[[ Provided material open ]]
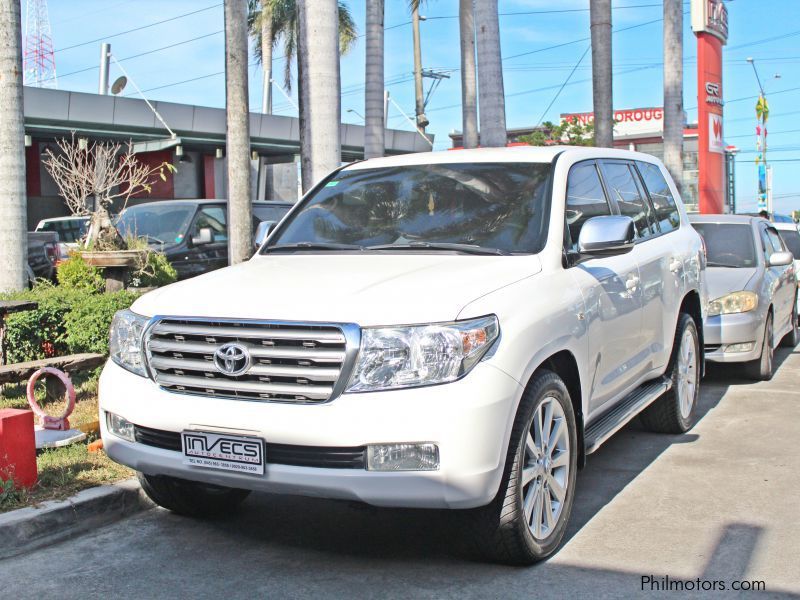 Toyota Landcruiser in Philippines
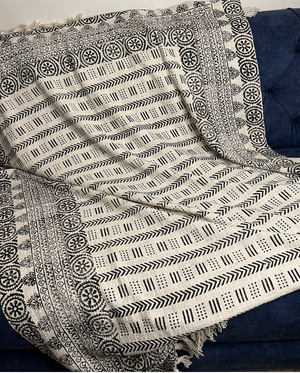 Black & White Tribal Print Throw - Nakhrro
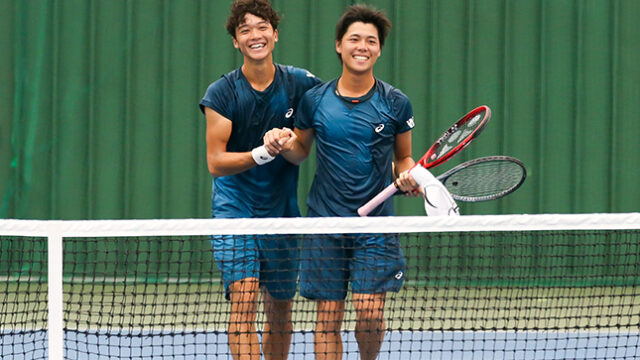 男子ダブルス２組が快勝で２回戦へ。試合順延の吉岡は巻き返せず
[[ Provided material closed ]]
• [Your task] Retype the listing above exactly. Pictures are not part of the copy.

• [Written solution]
 Toyota Landcruiser in Philippines
 Black & White Tribal Print Throw - Nakhrro
 男子ダブルス２組が快勝で２回戦へ。試合順延の吉岡は巻き返せず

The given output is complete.